What is most ironic is that Silverstein builds his account in precisely the same way that he excoriates the Bush Administration for taking. He also allows no deviation from the orthodoxy of his narrative.
In the second account, eloquently argued by Iraq Pundit, Washington Post reporter Ellen Knickmeyer reports on the increasing problem of militants dressed as policeman in Iraq acting as death squads. Her particular angle is to point at the Facilities Protection Service, known as the FPS, a unit established by Paul Bremer during the throes of the first insurgency. And to back up her claim, she quotes Iraqi Interior Minister Bayan Jabr accusing the FPS, of carrying out some of the killings widely attributed to death squads operating inside his ministry's police forces. A senior U.S. military official, speaking on condition that he not be identified further, said Saturday he believed that members of the FPS, along with private militias, were the chief culprits behind Iraq's death squads.
The only problem with this, as Iraq Pundit points out, is that Bayan Jabr has headed the Interior Ministry during the Jaafari regime. And he is considered responsible for allowing the police to become an arm of the militias in the first place.
Jabr, who allowed the police to become an apparent arm of the Shiite militias, has personal connections with the largest of those militias: He was a leader of the Badr Brigades, the Iranian-trained force of SCIRI, the Supreme Council for the Islamic Revolution in Iraq. Obviously, Jabr was an awful choice for the role of interior minister, and was a significant factor in the Jaafari regime's loss of trust and credibility. Restoring trust in the interior ministry must be a major objective of the new Maliki government.
So that is Knickmeyer's source. Yet, in citing him in two articles, she does not reveal to her audience the conflict of interest inherent in his position, not its self serving aspect. Iraq Pundit points out:
This is an almost perfect confluence of interests. Jabr gets to use a major U.S. newspaper to minimize his record of ineptitude and/or malice, while the Post gets to tell its preferred Iraqi narrative: that the proximate cause of every Iraqi ill is the United States.
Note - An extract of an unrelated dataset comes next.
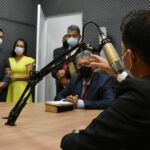 Galeria Inauguração | Livraria e Rádio AD Catalão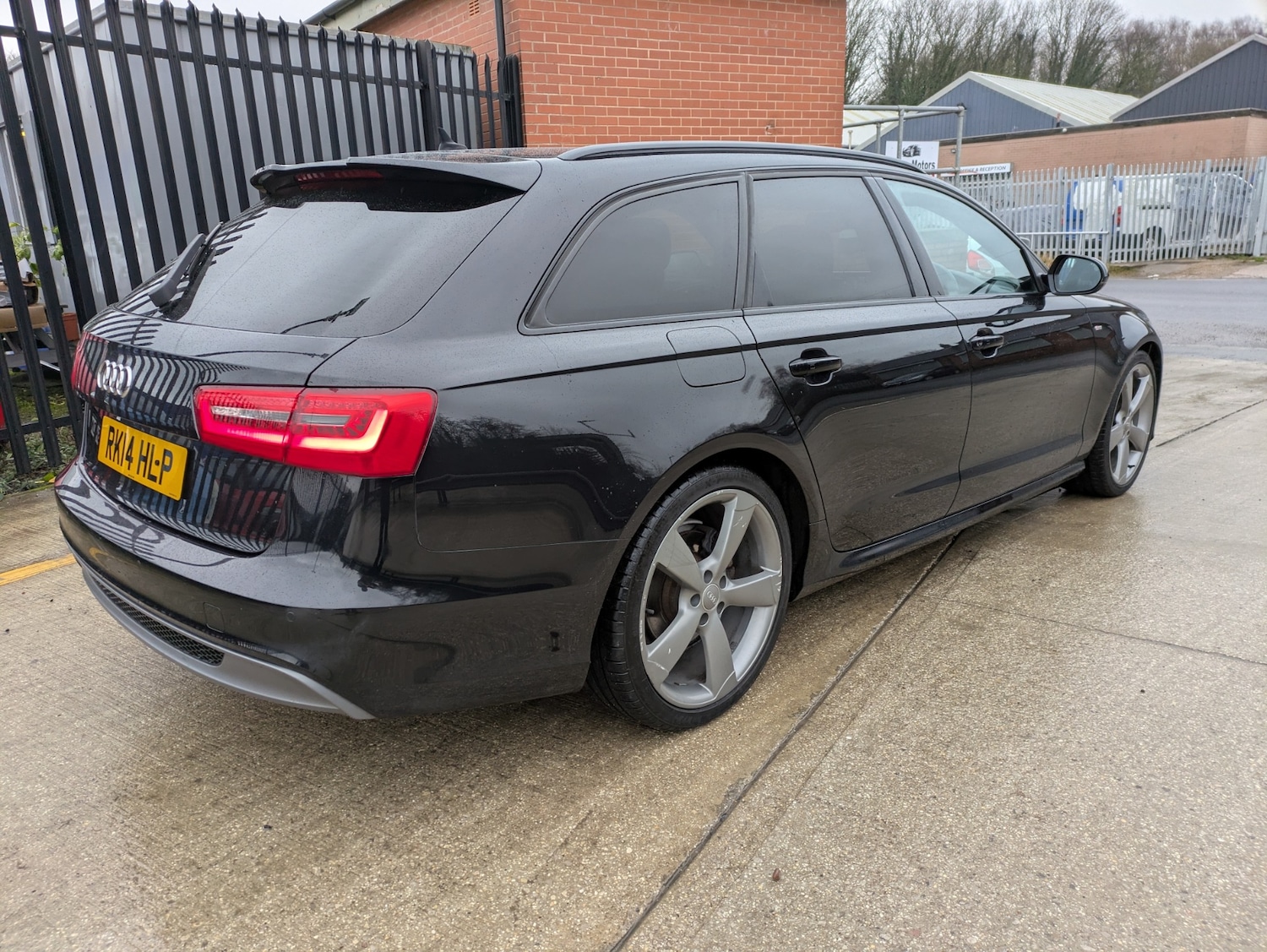 Used Audi A6 2014 for sale - 77502709: Photo 13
On May 14, Knickmeyer had a front-page story in the Post following up on Jabr's accusations that FPS members have been behind some of the murders. The point of the story was that the FPS was a significant force, that no one had much control over it, and that it was a legacy of bad U.S. governance.
I don't know how culpable the FPS is in the murder campaign, and neither it seems does Knickmeyer. My interest is in Knickmeyer's use of Jabr in her stories. For example, Knickmeyer never acknowledges Jabr's militia connections. I'm also struck by the manner in which Knickmeyer appears to allow Jabr to cast blame for Iraq's security problems.
Surely Knickmeyer is aware of the fact that Jabr is known to have militia connections.
Doesn't she believe her readers should be as well?
Ah, journalists and their bag of rhetorical tricks.